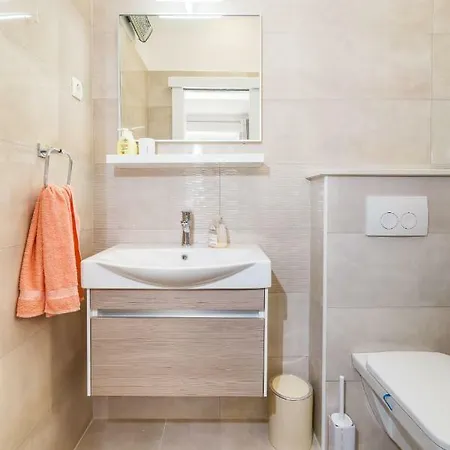 Newcity Apartman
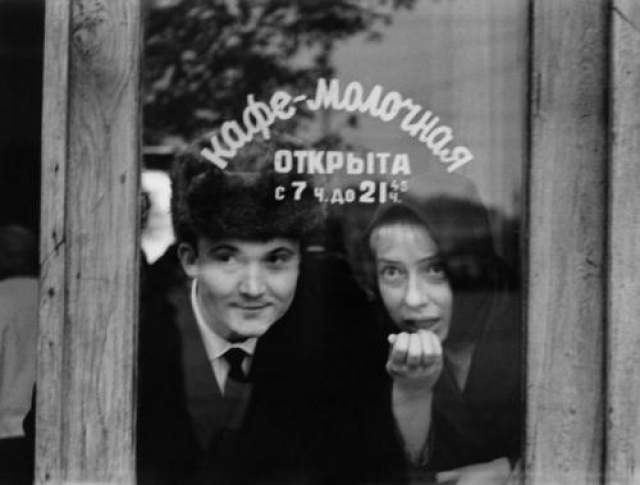 Кафе-молочная. И.Чурикова и В.Павлов. Автор Князев Андрей, 1960 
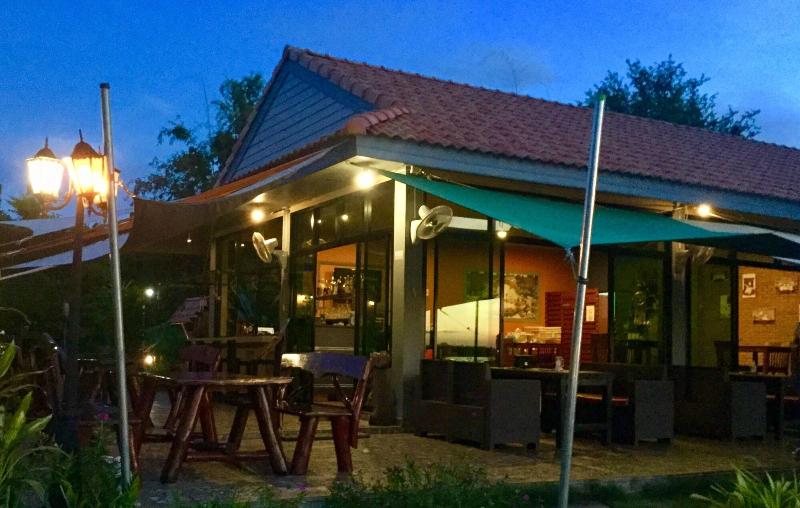 Khong Chiam Orchid Riverside Resort - Restoran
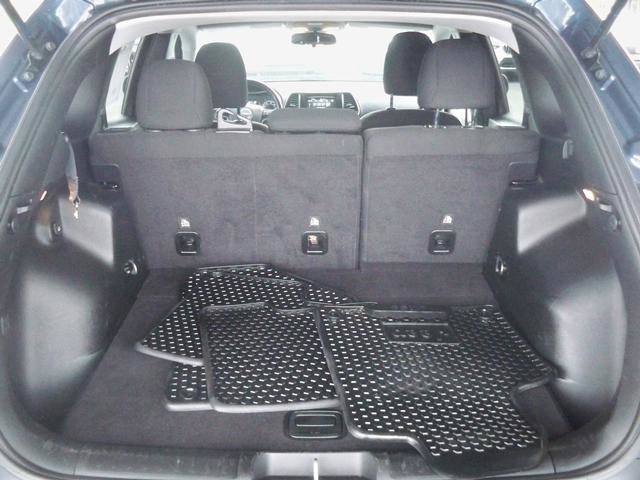 Used 2019 Jeep Cherokee Latitude w/ Cold Weather Group image 16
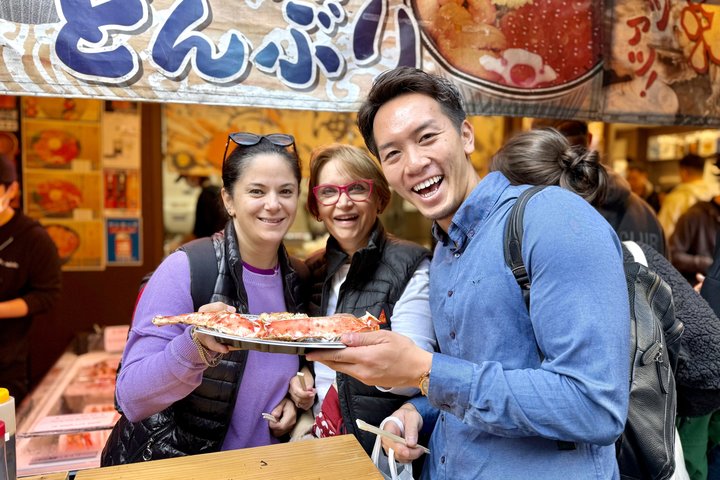 Tsukiji Fish Market Street Food Tour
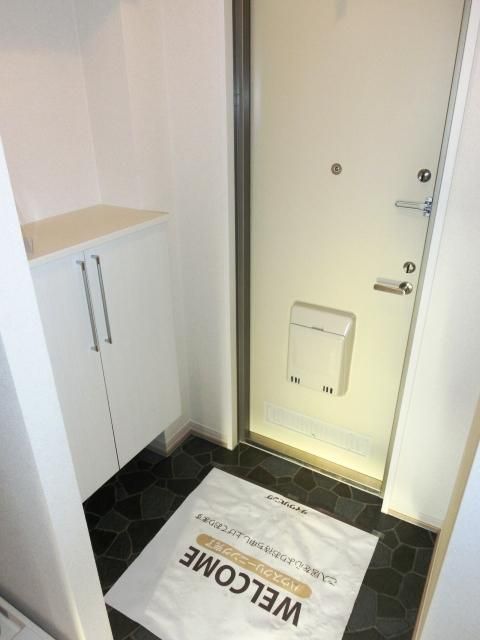 玄関　玄関　シューズボックス（同建物内別号室撮影）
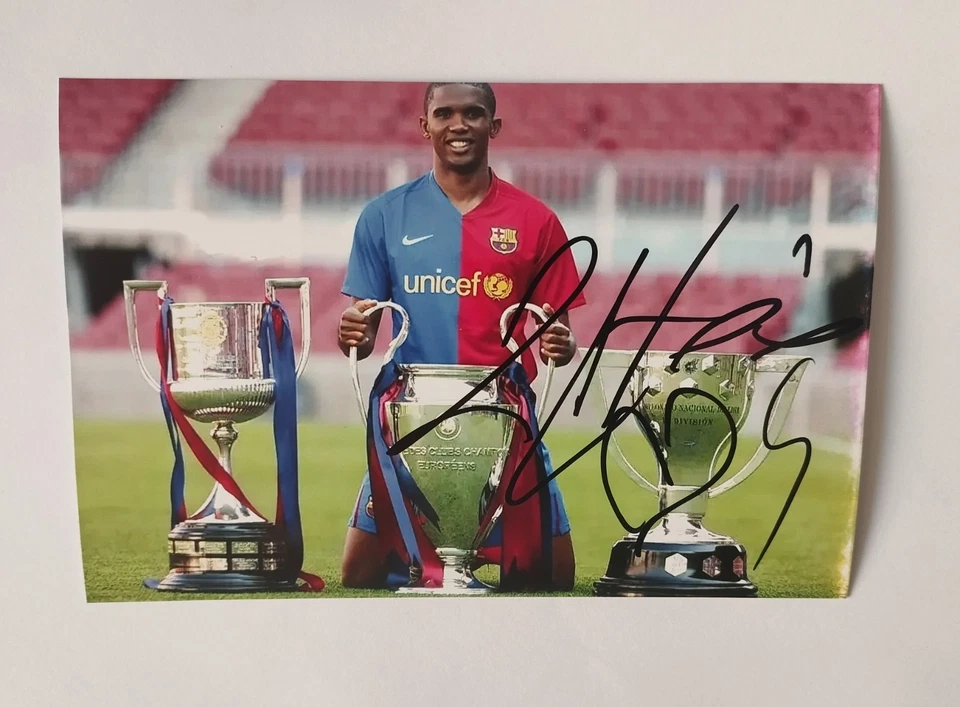 AUTOGRAPHE ORIGINAL SAMUEL ETO'O PHOTO 10X15 JOUEUR FC BARCELONE INTER CAMEROUN - Photo 1/1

════

> [Task to complete]
Please repeat, exactly as written, the lines in the records above, starting with the one that has "Кафе-молочная. И.Чурикова и" and going on through the one that has "玄関　玄関　シューズボックス（同建物内別号室撮影）". Pictures are to be left out.

> [Solution below]
 Кафе-молочная. И.Чурикова и В.Павлов. Автор Князев Андрей, 1960 
 Khong Chiam Orchid Riverside Resort - Restoran
 Used 2019 Jeep Cherokee Latitude w/ Cold Weather Group image 16
 Tsukiji Fish Market Street Food Tour
 玄関　玄関　シューズボックス（同建物内別号室撮影）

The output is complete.